Employer recognition
Coursera offers free online courses from universities including Yale, Stanford, Columbia and Edinburgh.
But they do not lead to an external exam or an accredited degree.
And the long-anticipated next step has been when such universities will use the Mooc model to offer fully-fledged online degrees.
Dr Levin says this is the longer-term direction of travel.
But more immediately, particularly in places such as India, he says the most valuable kind of recognition is from employers, when they accept online Mooc courses as relevant for job applications.
"That's a hurdle that doesn't require accreditation, it's a marketplace recognition. That's going to move faster than any accreditation process, it's market driven not bureaucratic."
When Moocs first appeared a few years ago they were hailed as a revolution in higher education, promising the kind of impact the internet had brought to retail and entertainment.
Skills gap
Dr Levin says that as an economist he recognised the "cycle of hype" surrounding Moocs.
Likening it to the current interest in self-driving cars, he says there were exaggerated expectations that they would "change the world immediately".
But he says it should not have been a surprise to anyone that "500-year-old institutions didn't just roll over and die".
"What's really happening is something socially valuable - we're closing the skills gap, giving people an opportunity."
Coursera will have plenty of competition to attract India's students.
Traditional campus-based universities in the US have been attracting rapidly rising numbers of Indian students, up by almost 30% last year and second only to China.
Local partners
This is a tough market and figures for UK universities last week showed the fourth consecutive annual fall in students coming from India, with less than half the number of students compared with 2010-11.
But the UK's distance learning university, the Open University, has ambitions to increase its reach in India.
The approach is not to offer courses directly, but to work with local institutions and support courses accredited by Indian universities.
"They will deliver their own local qualifications," but with content and online teaching resources provided by the Open University, says director of external engagement Steve Hill.
"It would be wrong for a foreign university to say we're here to solve your problems, we're going to set up a campus and we're going to offer our qualifications," he adds.
This approach of working with local partners has reached 200,000 students in China, says Mr Hill and the Open University hopes to reach similar numbers in India.
Mr Hill also sees distance learning as a practical way for India to reach its target for another 14 million university places in less than 15 years.
The Indian higher education sector could not realistically expand that quickly in terms of traditional universities, he says.
And even if overseas universities were allowed to open campuses in India, it would be a risky financial model and would be limited in how many students could be reached.

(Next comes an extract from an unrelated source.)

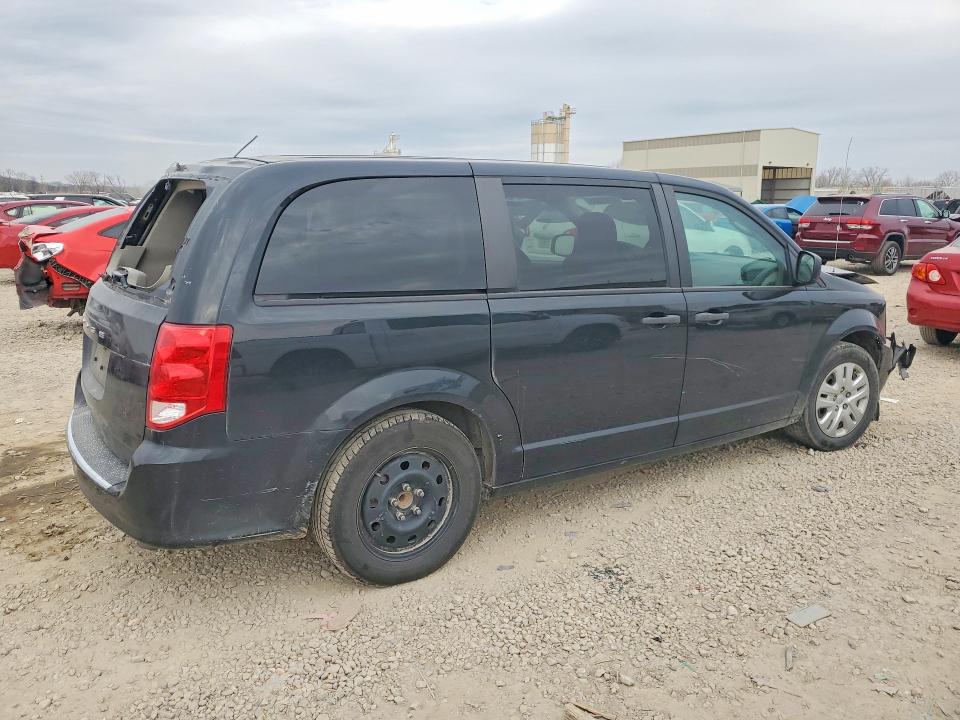 47456506 :رقم المزاد ، 2C4RDGBG6LR183834 vin ، 2020 Dodge Grand Caravan مزاد بيع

"The only way it is going to reach its target is online. India has to embrace distance learning," says Mr Hill.
At present, India has 3.5 million students on distance learning degrees and the OU chief executive argues that this is going to have to increase significantly.
A recent report from the British Council forecast that by 2025 India will have the biggest student-age population in the world. It means a decade of even more intense competition from international universities for a share of this expanding market.